Geometric GIPP Tuning
As shown in the previous paragraph, the seasonal updating of the reference image is crucial in order to deliver to the users the maximum number of valid Level-1 products.
Nevertheless, in some cases (for example, for uniform landscapes which do not evolve temporally), this tuning is not possible. Another important parameter can thus be tuned: the correlation percentage threshold, being part of the decision to declare valid or not the Level-1 product. If the similarity percentage of valid correlation points between an acquisition and its reference image is below a specific threshold, the Level-1 product is not valid.
Typically, this threshold is set to 10% in the nominal GIPP. For some difficult geographical sites with very homogeneous landscape (forest sites or snowy sites), this threshold specific lower percentages can be applied to increase the number of valid Level-1 products.
The two next figures (see Figure 51) illustrate this situation for ANGIANG site. The first figure shows that no Level-1 is declared valid with the 10% threshold. The second figure is the same time series after a reprocessing, with the application of a specific GIPP with a 6% threshold. The less cloudy products become valid and can thus be delivered to users.

4.5. Production Statistics (L0, L1, L2, L3)

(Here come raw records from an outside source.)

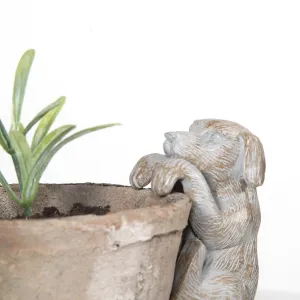 Dog Plant Pot Hanger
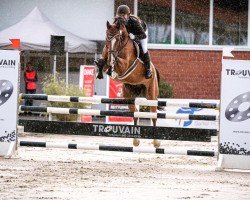 jumper Firewall 6 (Westphalian, 2010, from Fanfani 4)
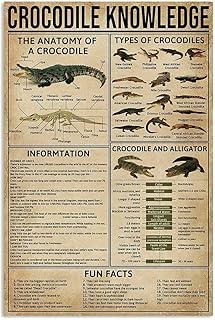 SMAZDFXX Krokodil-Wissensposter, Wissenschafts-Infografik, Tier-Wanddekoration, Heim- und Zimmer-Wanddekoration, Vintage-Druck, Plaketten-Dekor, 20,3 x 30,5 cm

4.5.1. Raw (Level-0) Inventory Products

The Figure 52, presented below, represents the number of raw inventory products and their location.
Of course, most of the sites have the same average number of telemetries available for Level-1 processing (above 400 products). Nevertheless, for some sites, fewer inventory products are available, for various reasons. On one hand, a possible reason is that some sites have been added more recently (for example, LERIDA1 and LERIDA2 in Europe) and consequently have a shorter time series. On the other hand, some sites have been acquired at the beginning of VM01, but, for scientific purposes, have been abandoned (evolution of the needs, on board memory space need for new acquisitions asked by scientists, etc.) or have changed in terms of geographic coverage (but a slight change triggers, by design, the definition of a new site, etc.). Various situations exist: DDUANT has rapidly changed to DUANTNEW, whereas REDRIVER was acquired for 8 months (from April to November 2019) before being modified to another footprint REDRIVR2 (observed afterwards for 11 months to October 2020).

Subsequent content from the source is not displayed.